Dave: Yeah. You see, I lean more toward the humbucker Gibson kind of meaaty low-end thing. Something like an RD going through a Mesa Dual Rectifier, it's a bunch of noise. And I like noise a lot. But I'm not a tech-heard or vintage guy at all. I have a crappy Galante Italian thrift store guitars at home and I think as vintage as I get is my Trini Lopez or old Silverstone.

Max: What are you playing through on stage?

Dave: I've got the Mes Heartbreaker amp, which is new, and I don't know anyting about it other than that it's got a nice clean sound. Also the Dual Rectifier I've used for a couple of years now. I started off using a Marshall JCM-900 and I loved it. And now I'm doing the Mesa thing and I like the Dual Rectifier because it has this hair-dryer distortion to it.

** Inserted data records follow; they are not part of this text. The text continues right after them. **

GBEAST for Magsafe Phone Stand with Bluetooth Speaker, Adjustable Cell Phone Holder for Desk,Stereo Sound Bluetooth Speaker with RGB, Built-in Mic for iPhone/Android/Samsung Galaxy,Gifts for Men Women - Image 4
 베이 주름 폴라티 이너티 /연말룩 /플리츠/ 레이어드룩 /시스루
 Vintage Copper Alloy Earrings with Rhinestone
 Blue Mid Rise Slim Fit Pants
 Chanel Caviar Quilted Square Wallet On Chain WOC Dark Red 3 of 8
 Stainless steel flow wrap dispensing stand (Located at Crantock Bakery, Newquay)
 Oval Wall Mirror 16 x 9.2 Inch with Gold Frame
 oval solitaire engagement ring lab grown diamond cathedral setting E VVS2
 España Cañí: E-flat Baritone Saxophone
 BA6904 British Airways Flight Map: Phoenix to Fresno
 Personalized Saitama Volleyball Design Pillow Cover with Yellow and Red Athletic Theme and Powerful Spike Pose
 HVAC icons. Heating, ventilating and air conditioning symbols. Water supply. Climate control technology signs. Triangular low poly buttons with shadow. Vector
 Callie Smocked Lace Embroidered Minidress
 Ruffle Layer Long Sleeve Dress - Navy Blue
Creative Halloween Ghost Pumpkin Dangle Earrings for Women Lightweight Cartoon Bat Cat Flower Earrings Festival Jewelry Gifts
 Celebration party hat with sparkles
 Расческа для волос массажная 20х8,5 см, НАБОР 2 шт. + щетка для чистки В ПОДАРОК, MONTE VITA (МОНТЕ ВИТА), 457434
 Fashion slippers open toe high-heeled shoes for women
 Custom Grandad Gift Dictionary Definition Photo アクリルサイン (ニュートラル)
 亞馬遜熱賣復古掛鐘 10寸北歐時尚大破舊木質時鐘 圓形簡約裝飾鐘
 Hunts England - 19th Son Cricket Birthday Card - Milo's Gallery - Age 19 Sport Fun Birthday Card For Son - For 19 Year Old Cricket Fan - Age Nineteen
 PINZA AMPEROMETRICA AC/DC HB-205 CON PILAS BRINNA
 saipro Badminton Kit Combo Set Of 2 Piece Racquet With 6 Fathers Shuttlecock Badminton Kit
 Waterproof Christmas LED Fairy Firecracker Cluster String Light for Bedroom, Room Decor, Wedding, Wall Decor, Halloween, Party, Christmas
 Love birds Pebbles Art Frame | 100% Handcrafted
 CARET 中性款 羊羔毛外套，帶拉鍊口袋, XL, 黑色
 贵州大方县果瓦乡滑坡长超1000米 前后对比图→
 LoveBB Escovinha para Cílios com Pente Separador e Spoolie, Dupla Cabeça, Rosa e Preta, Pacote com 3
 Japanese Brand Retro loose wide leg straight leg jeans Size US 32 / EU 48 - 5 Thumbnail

When you plug something like the RD into it, you can make the bootom off it, and then there's this razor blade riding on the top. I think it's great, and it's very concise. You can hear all the hits, all the notes. It's almost percussive, which is probably why I like it.

Max: As much as you appreciate percussion, do you still consider yourself primarily a guitar player?

Dave: Well, I started playing guitar when I was 11. It started with a Beatles songbook. Actually, there was this acoustic guitar hanging around the house, because my father played the flue and my mother was in singing groups in the Fifties. My father was kind of this jazz beatnik. A frreak. And so my mother bought him this acoustic when I was about two. My father's from the school that if you want to be a musician, you have to practice eight hours a day, and he didn't have the time to practice the guitar eight hours a day, so he just decided he wouldn't play it. It sat around the house for years and I started picking it up to play "Smoke on the Water" and whatnot. Finally, my mom got me lessons, but rather than teach me chords and the foundations of writing songs on your own, they had me reading sheet music crap. So I said forget it, and my mom got me a Beatles book with chord charts. And if there was nothing to do on a Saturday afternoon, I'd just go through every Beatles song from A to Z. From there, I was joining neighborhood bands at 11 or 12, and playing in punk rock bands by the time I was 13 or 14. The whole while I was playing guitar. But my guitar playing sort of got to the point and leveled off. I don't feel like I've improved as a guitar player in the last six years. I just find new, weird chords. I can't play any faster. I don't understand scales or know much about them. I just know these weird chords I find, and they probably have names anyway. I know your basic majors and minors, and I hear a note I can tell you waht it is. I don't have perfect pitch, but I can recognize notes. I certainly can't sing perfectly on key.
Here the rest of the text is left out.